ずっと東京にいるとどんどん自然から遠ざかっていきますよ。そろそろ移住しませんか?
撮影◎山本倫子
6年間江戸川の分譲マンションで暮らした生活は、職住接近でとても利便性が高かった。ただ、部屋が手狭な感もあってぼんやりと移住を考えていた。
茅ヶ崎や藤沢あたりを想定していたが、知人が住んでみて好評価だった逗子が面白いかもしれない、「とりあえず賃貸で住んでみよう」と。
東京五輪の前、都内のマンションは販売価格が高騰し、移住者の背中を押すきっかけにもなっていた。結果的に16年間のマンション暮らしはタダになり少し余剰が出るほどの金額で売れた。
新型コロナ感染拡大が2年間も続きいよいよ都内にいる理由がなくなった。
まだ古家が建つこの土地との出会いは、逗子や鎌倉の価値ある物件を紹介してくれる不動産会社COCO-HOUSEだった。
奥様の強いご希望で現地を見たご主人もこの眺望で、即決することに。はじめは注文住宅で土地探しから考えていたものの「日本家屋の良さと逗子をパノラマで見渡せるこの眺望にイチコロでした」と笑う。

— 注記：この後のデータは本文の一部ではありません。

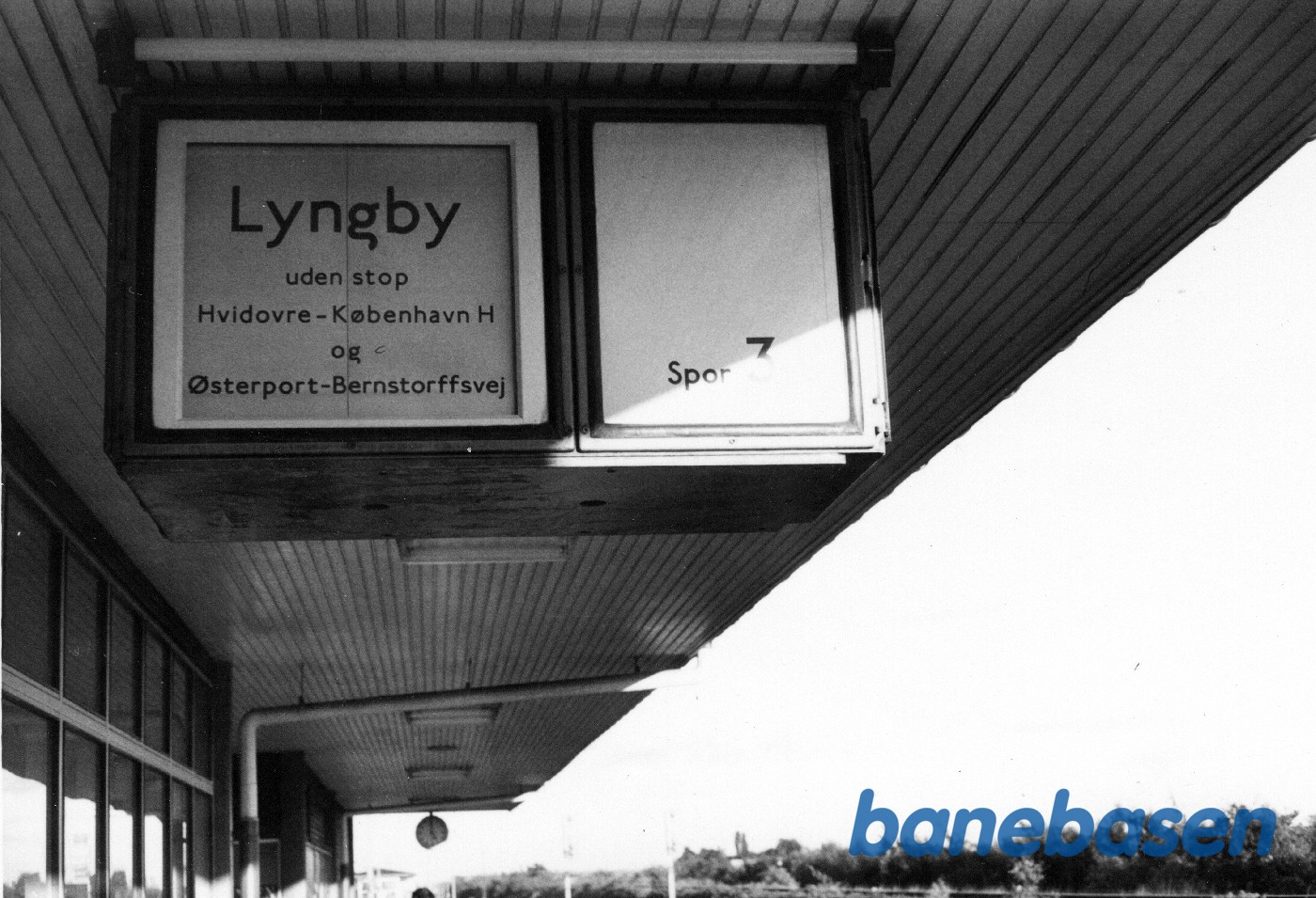 Hvidovre - togviserskilt visende linje Bx standsningsmønster Hvidovre - togviserskilt visende linje Bx standsningsmønster
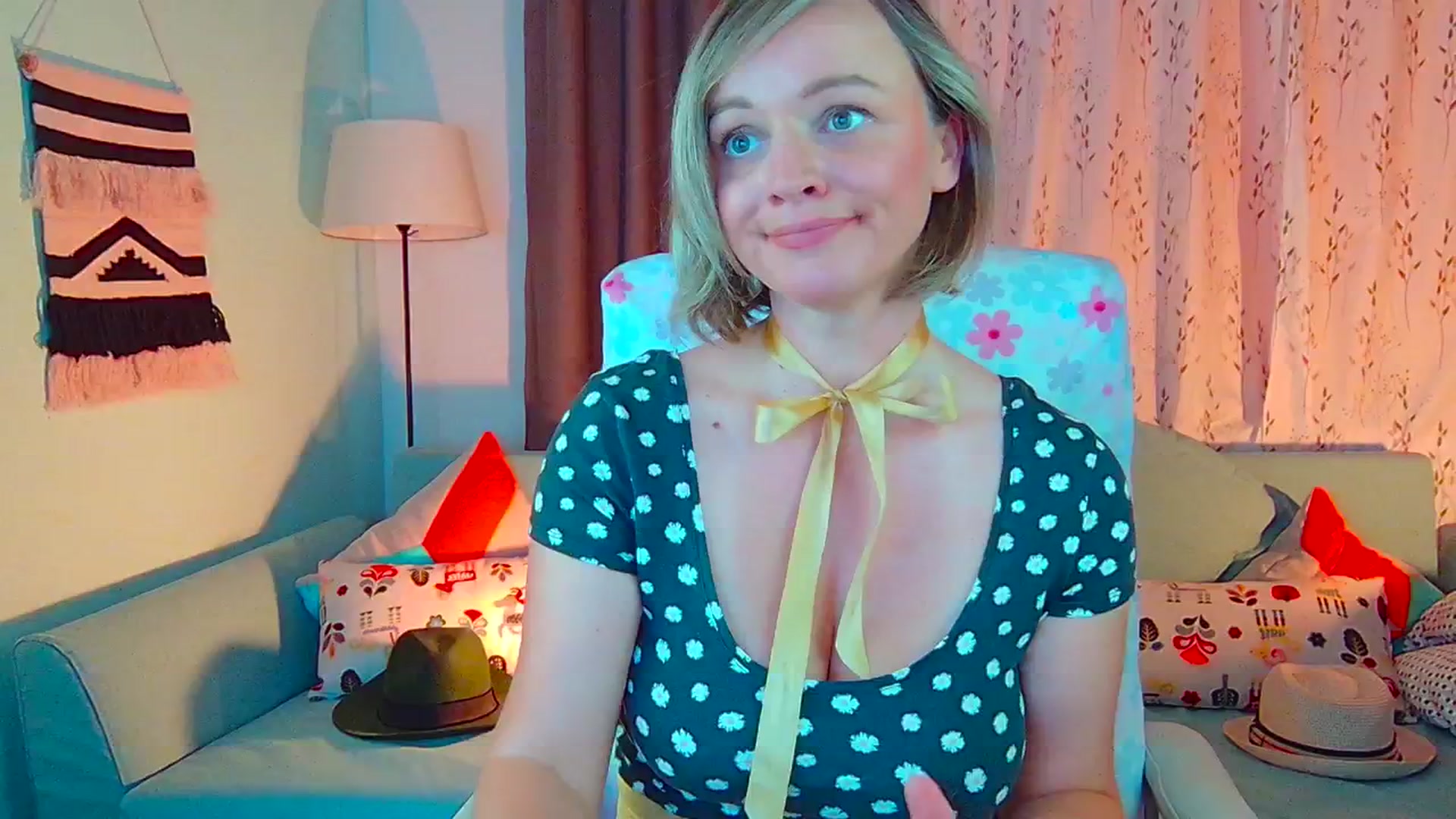 Gallery image thumbnail from SweetDazzle's myfreecams stream on, 07/10/2024, 12:12 image 2 of 20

古い時代の家だけに壁を取り払うと太く大きな梁が露出する。
「これはリフォームくらいでは済まない」という判断で数社の住宅会社に相談したところほとんが辞退する思わぬ展開に。最後に出会ったのが「シンプルで心地よい風景を創造する」desus建築設計事務所だったそう。
「子供がまだ小さかったら新築を建てていたかもしれない。でも僕らにはその必要がないからとにかくかっこよくしたかった」
設計事務所がそんな施主の意図を汲み取ってデザイン、設計してくれた。薪ストーブが欲しかった施主にエタノール暖炉を勧めるなど「ほぼ彼らのデザインが優先されています」と話す。
着工は2021年の夏、引越したのは2022年4月で、およそ9ヶ月に及ぶ大がかりなリノベーションだったがその成果はご覧のとおりだ。
最近Tさんの勤務形態は月1回出社のテレワーク。
「朝起きたら植物に水をあげてコーヒーを飲んだり、、、。海が近いことで最近ウインドサーフィンを始めました。地元の駅近くで美味しいお店があってこの街で生活がほぼ完結する。東京の飲み会にはすっかり行かなくなりました。」とご主人。
「時間に余裕ができてヨガなどの趣味に費やせるようになりました。 困りごと? 虫が多い」と奥様が笑う。
おふたりは固苦しい都会生活からどんどん自然に向かって軟化しているようです。